Byron now prepares for the Pocono 400 on Sunday at Pocono Raceway. In 2016, Byron set a rookie record for most wins in the NASCAR Truck Series at the “Tricky Triangle."

Last year’s Pocono 400 was just his second start in the NASCAR Cup Series en route to winning the Rookie of the Year Award. In his second season, the 21-year-old is still one of the youngest racers in the field.

But his experience at Pocono has helped him and his team identify the pivotal section of the track for Saturday.

“Turn 3 is the most important corner of that race track,” Byron said. “All the corners are important, but Turn 3 leads to the longest straightaway. It’s a very flat corner, so the car has to handle well, the biggest thing is you have to turn well to get the run down the straightaway.”

In the No. 24 car for Hendrick Motor Sports (Jeff Gordon’s old ride), he’s won two poles and has three top-10 finishes this year, two in the last three weeks after finishing ninth in NASCAR’s All-Star Race on May 18.

“We had a good weekend overall,” Byron said of the Coca-Cola 600. “We got good stage points, which was nice.

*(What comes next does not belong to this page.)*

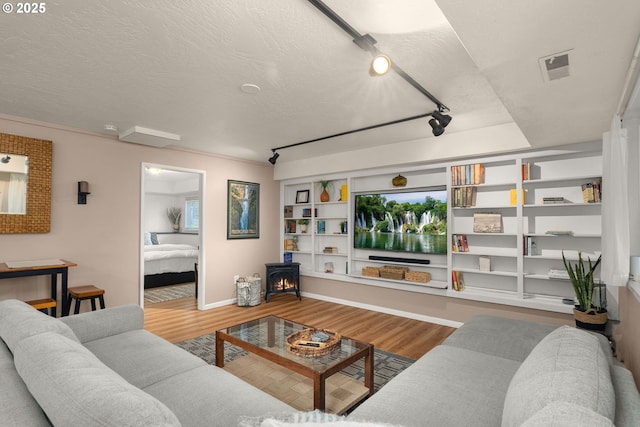 living area with a wood stove, visible vents, a textured ceiling, and wood finished floors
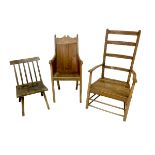 Three 19th century oak chairs, comprising a a pine armchair with solid back and armrests, 53 by 55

We can carry that momentum that we had the last couple weeks [into Pocono]."

Byron is a part-time student at Liberty University, which sponsors his car. He recently finished his spring semester taking online courses, and said he takes a lighter course load in the summer.

“I’m pretty much the only [driver] that takes classes,” Byron said. “It’s a challenge going with the racing and going back and forth and managing it. It’s always been a challenge I’ve had.”

Hemric adjusting on the fly

Daniel Hemric, a Monster Energy Cup series rookie, will be looking for his first win at the Pocono 400 this weekend.
Julie Bennett / AP
Daniel Hemric, a Monster Energy Cup series rookie, will be looking for his first win at the Pocono 400 this weekend.

Daniel Hemric, in his first season in the Cup Series, is still learning the ropes in NASCAR’s highest level.

For the first time in his career, he can’t spend as much time as he’d like around his craft.

“You have shorter weeks,” the 28-year-old rookie said. “You race on Sundays, you’re held accountable to get your notes together for Monday. ... You have to be way more diligent about how you’re managing your time. Forever in my life, it’s been about racing. At this level, you have to be able to position yourself to take some time to do other things in life, that way you’re 100 percent refreshed.”

Hemric got off to a rough start this season but picked up his first career top-five finish last month, and won the pole at the Monster Energy Open on May 18.

Continued success at Pocono could help him make a run at this year’s Rookie of the Year Award. Plus, he has noticed that Pocono has a history of being friendly to drivers looking for their first win.

“Pocono has been known to produce some first-time winners in the past,” he said. “We have to be able to handle traffic. You’ll find yourself in traffic, so you have to be able to make lap times in those moments, that’s something we’ve really put an emphasis on.”